- _HOW TO COMPLETE THIS TASK_
Would you transcribe the listing that follows word for word, skipping pictures?

[[ GIVEN INFORMATION open ]]

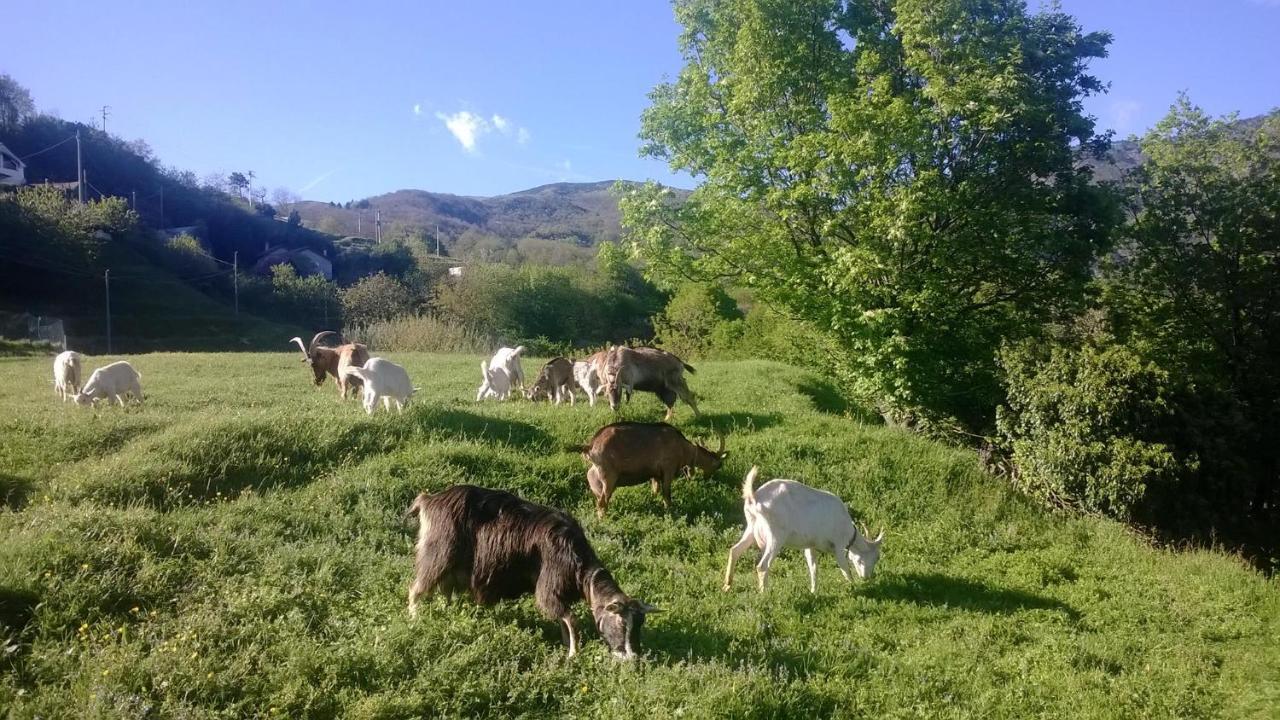 Agriturismo Grilla Villa Mele Habitación foto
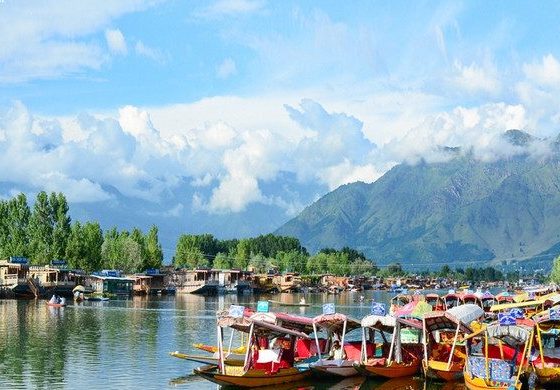 Tour Ấn Độ — Kashmir, Delhi, Sonamarg, Gulmarg — ảnh 5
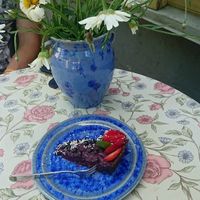 Raw vegan blueberry cheesecake at Gildi Toidukoda Metsikud Maitsed in Parnu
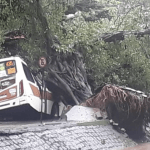 Dez mortos e destruição por chuva de 350 mm no Rio de Janeiro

[[ GIVEN INFORMATION closed ]]

- _ANSWER AREA_
 Agriturismo Grilla Villa Mele Habitación foto
 Tour Ấn Độ — Kashmir, Delhi, Sonamarg, Gulmarg — ảnh 5
 Raw vegan blueberry cheesecake at Gildi Toidukoda Metsikud Maitsed in Parnu
 Dez mortos e destruição por chuva de 350 mm no Rio de Janeiro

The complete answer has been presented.